High-performance, type-safe embedded key-value store.

When to use it:

Zero-maintenance, hands-off storage
Only need data in the Web Dashboard or Webhooks
Don’t need custom SQL queries
Prefer an internal-only data format

File: data (single binary file in working directory) Format: JSON strings keyed by (job_id, reversed_timestamp)

SQLite (Full Database Control)

Available in the -sql build variants.

When to use it:

Total control over data structure with custom tables
Use external tools (DBeaver, TablePlus, sqlite3)
Complex Lua logic with raw SQL (JOINs, aggregations)
Store and relate scraped data with custom state

Files: data, data-wal (WAL), data-shm (Shared Memory) Performance: Configured with PRAGMA journal_mode=WAL and PRAGMA synchronous=NORMAL

Database Schema

Three primary tables:

records - job_id (string), rev_ts (nanosecond timestamp, records ordered newest-first), json (full record as JSON)
seen - Deduplication hashes for avoiding duplicate records
lua_user - Persistent key-value state backing store_* / global_store_*

Lua SQL Bindings

db_query(sql, [params]) - Executes a SELECT statement and returns an array of tables
db_exec(sql, [params]) - Executes any SQL statement (INSERT, UPDATE, DELETE, CREATE) and returns the number of rows affected

-- db_query: SELECT, returns array of tables
local rows = db_query("SELECT json FROM records WHERE job_id = ? LIMIT 5", { "my-job" })
for _, row in ipairs(rows) do
    local data = json_decode(row.json)
    print(data.title)
end

-- db_exec: any SQL, returns rows affected
db_exec([[
    CREATE TABLE IF NOT EXISTS markers (
        id TEXT PRIMARY KEY,
        val INTEGER
    )
]])

function on_finished()
    db_exec("INSERT OR REPLACE INTO markers (id, val) VALUES (?, ?)", { "last_page", 10 })
end

Shared Task Queue Example

Use a database table as a shared work queue across multiple workers.
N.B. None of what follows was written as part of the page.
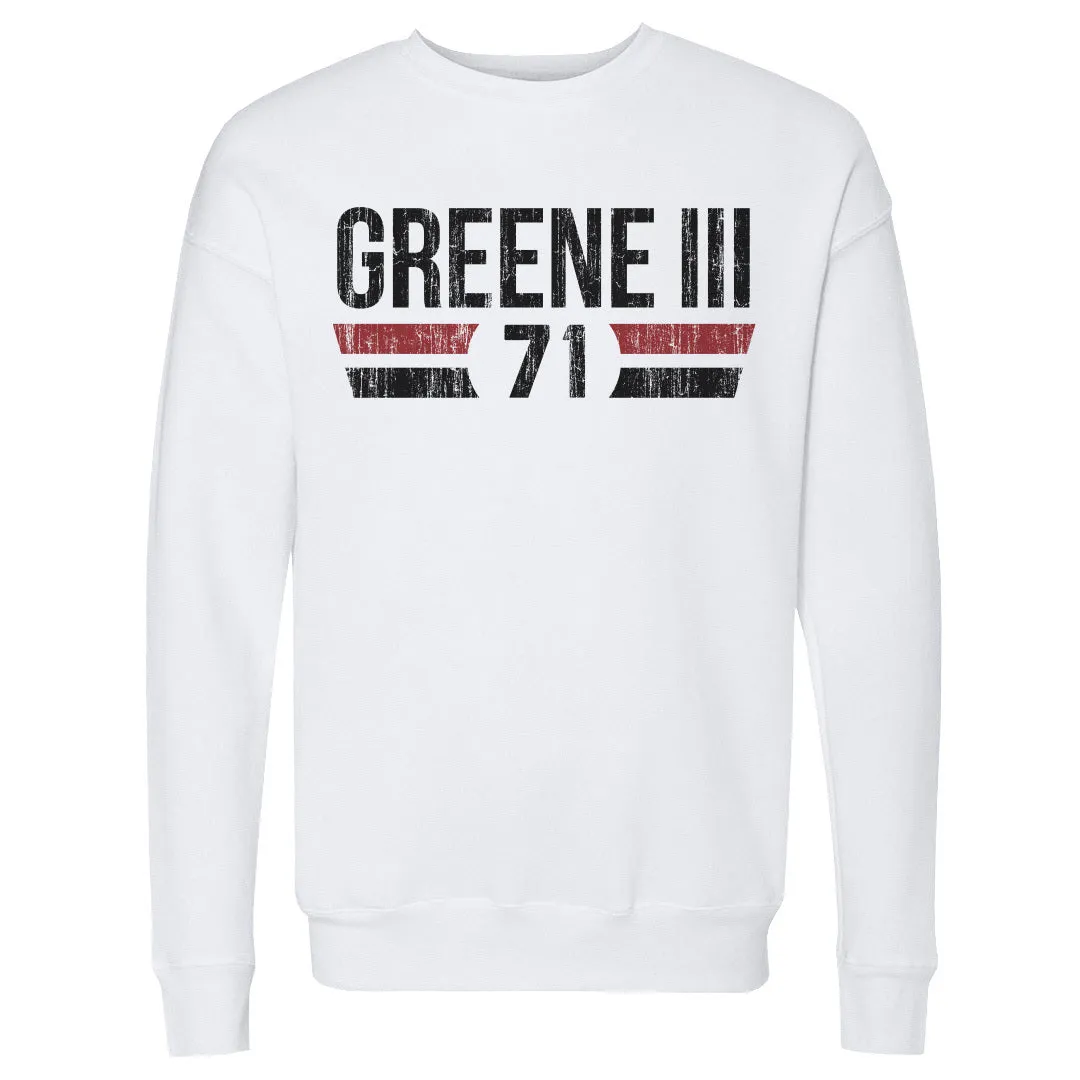 Earnest Greene III College Font sold by 500 Level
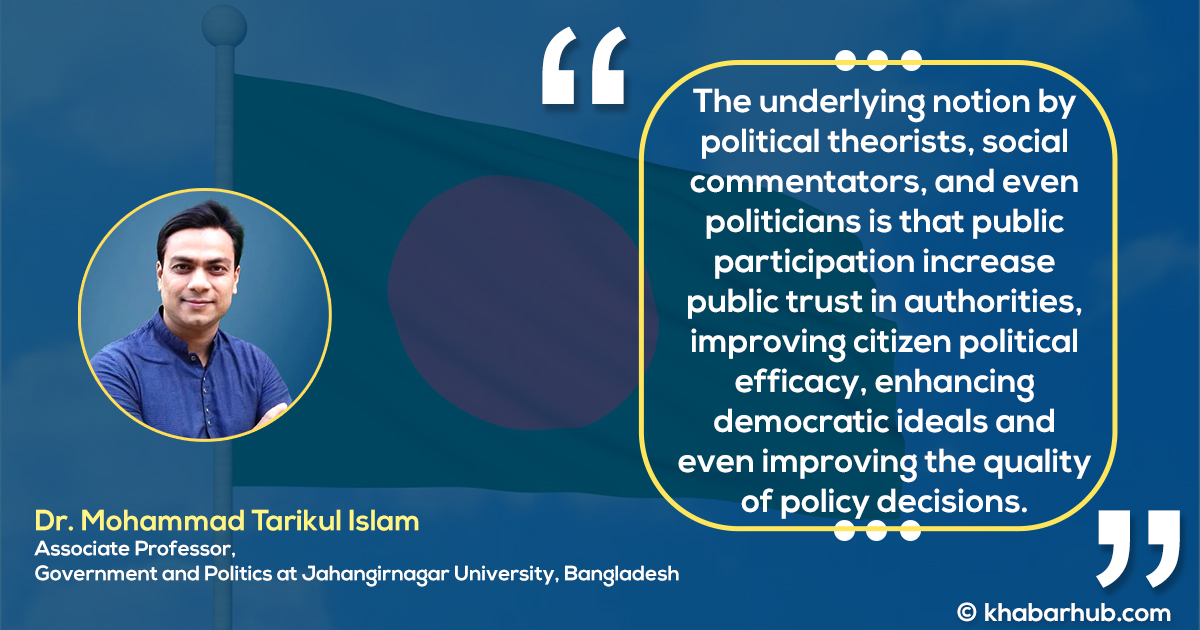 Participatory Development in Bangladesh: Governance Matters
A dedicated “Discovery” job can populate the queue for other jobs to process.

1. Initialize the Schema - CREATE TABLE IF NOT EXISTS queue ensures the table exists on every load:

-- Top-level: runs once at load time (startup/reload)
db_exec([[
    CREATE TABLE IF NOT EXISTS queue (
        id TEXT PRIMARY KEY,
        url TEXT NOT NULL,
        status TEXT DEFAULT 'pending'
    )
]])

-- For fresh databases, seed with initial URLs
db_exec([[
    INSERT OR IGNORE INTO queue (id, url) VALUES
        ('task-1', 'https://example.com/page/1'),
        ('task-2', 'https://example.com/page/2')
]])

2. Worker Pick & Lock - Each worker atomically claims the next pending task:

function before_fetch(request, ctx)
    local rows = db_query([[
        UPDATE queue SET status = 'processing'
        WHERE id = (SELECT id FROM queue WHERE status = 'pending' LIMIT 1)
        RETURNING id, url
    ]])
    if #rows == 0 then return nil end
    request.url = rows[1].url
    ctx.shared.current_task_id = rows[1].id
    return request
end

3. Mark Completion - Track success or failure per task:

function on_finally(ctx)
    local task_id = ctx.shared.current_task_id
    if not task_id then return end
    local final_status = ctx.telemetry.map.fetch.status == "success" and "completed" or "failed"
    db_exec("UPDATE queue SET status = ? WHERE id = ?", { final_status, task_id })
end

Limitations

The two backends are not binary compatible. You cannot point the redb version at an SQLite data file or vice versa. Export/import manually if switching.